Profound thrombocytopenia is a well-recognized complication of falciparum malaria but has been less well described in vivax malaria. Most studies done in 21st century consistently shows association of thrombocytopenia in vivax malaria. Sometimes thrombocytopenia can be severe enough to cause spontaneous bleeding even in absence of DIC [7].

The parasite index in vivax malaria is no way near falciparum malaria. Still anemia can be severe enough to require blood transfusions. Clearly this anemia is not just due to destruction of RBCs but destruction of non-infected RBCs too. The possible mechanisms include increased fragility, invasion and destruction of reticulocytes, pooling of RBCs in spleen and increased cytokines production [7,8].

Vivax malaria usually involves lungs and cough is a common manifestation even in benign disease. Malaria in its severe form can cause acute lung injury (ALI) and acute respiratory distress syndrome. However this is less commonly seen in children as compared to adults [9]. The main pathophysiologic mechanism behind respiratory distress in malaria is increased alveolar capillary permeability leading to intravascular fluid loss into the lungs.

CNS manifestations in form of coma, although rare, but is increasingly recognised in vivax malaria.
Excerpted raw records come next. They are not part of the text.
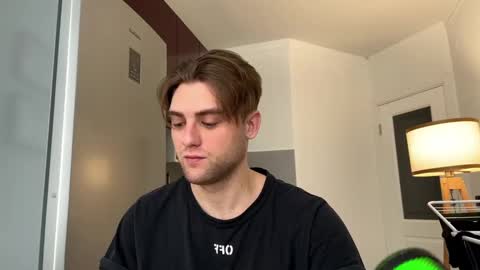 devilnut1 online show from 02/13/25, 07:45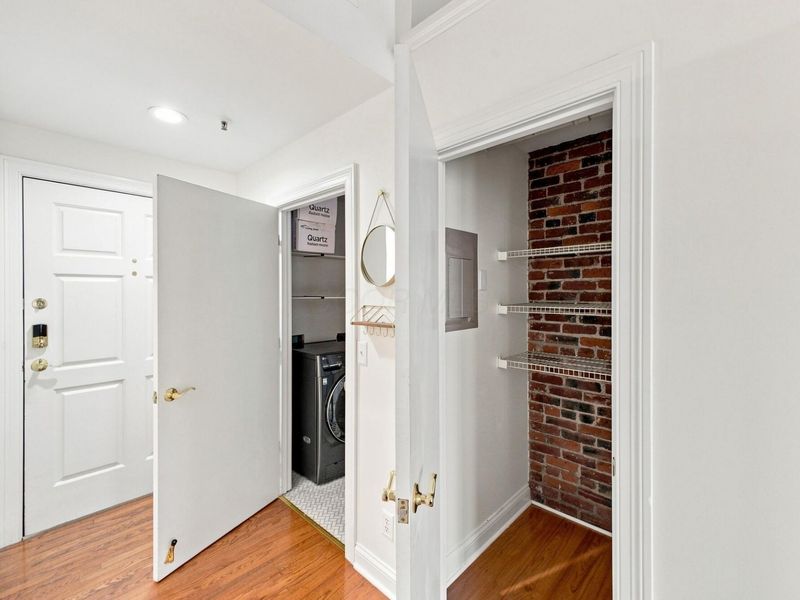 55 W Livingston Avenue , Unit 203, Columbus, OH 43215 Photo 23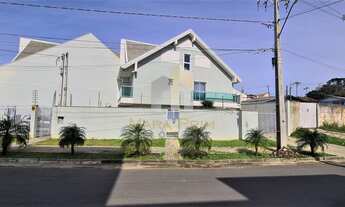 Imagem 3: Sobrado para venda tem 180 metros quadrados com 3 quartos em Tarumã - Curitiba - PR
Some of the cases may be due to co-infection with falciparum malaria. The cytoadherence is thought to be central to this phenomenon but other mechanisms could also be responsible. Metabolic derangements, microvascular pathologies in CNS and DIC could be the other possible mechanisms [9,10]

The key difference between the pathogenesis of P. falciparum and P. vivax is the number of RBCs parasitized. P. falciparum invades RBCs both young and old. Vivax on the other hand infects mostly young RBCs. Consequently P. falciparum is responsible of high parasite burden and the parasite burden of P. vivax is usually less than 2%. The high parasite index does explain most of the severe manifestations of P. falciparum. The red cell selectivity index in vivax malaria was found to be significantly greater than that in falciparum malaria at a comparable parasitaemic index. However that still does not offer explanation for severity increasingly seen in vivax malaria too. It has been observed that the inflammatory response seen in vivax malaria is more than the falciparum for the same amount of parasite load. Hence vivax malaria can mount a reasonably higher degree of inflammatory response even with lower parasite index. The reasons for this phenomenon are not very clear. The explanations offered range from increased cytokine production to leucocyte aggregation, endothelial activation, altered thrombosis and comorbidities to name a few. One phenomenon seen even in clinically milder form of vivax malaria is the consistent presence of thrombocytopenia. The explanation offered is the increased peripheral destruction due to microvascular pathologies [11]. Again a consequence of increased inflammatory response.

Although P. vivax resistance to chloroquine is increasingly reported, it is still sensitive to an extent that it stays as the drug of choice for the treatment. However looking at the future scenario, this problem of resistance is only going to increase. And to couple it with the severity of disease, we might be looking at the disaster in making. Despite our better understanding of the disease there are still many unanswered questions. Unfortunately the amount of research going in is clearly insufficient. The current focus on malaria research is mainly focused on either development of a safe and effective vaccine or searching] for new drugs in response to the emerging resistance. But at the same time, it is also important to understand the pathophysiologic mechanisms of the disease. We still do not know answers to the reason why vivax malaria is no more a benign disease. Better understanding of the disease and its manifestations will result in the better management of complications and in reduction of morbidity and mortality.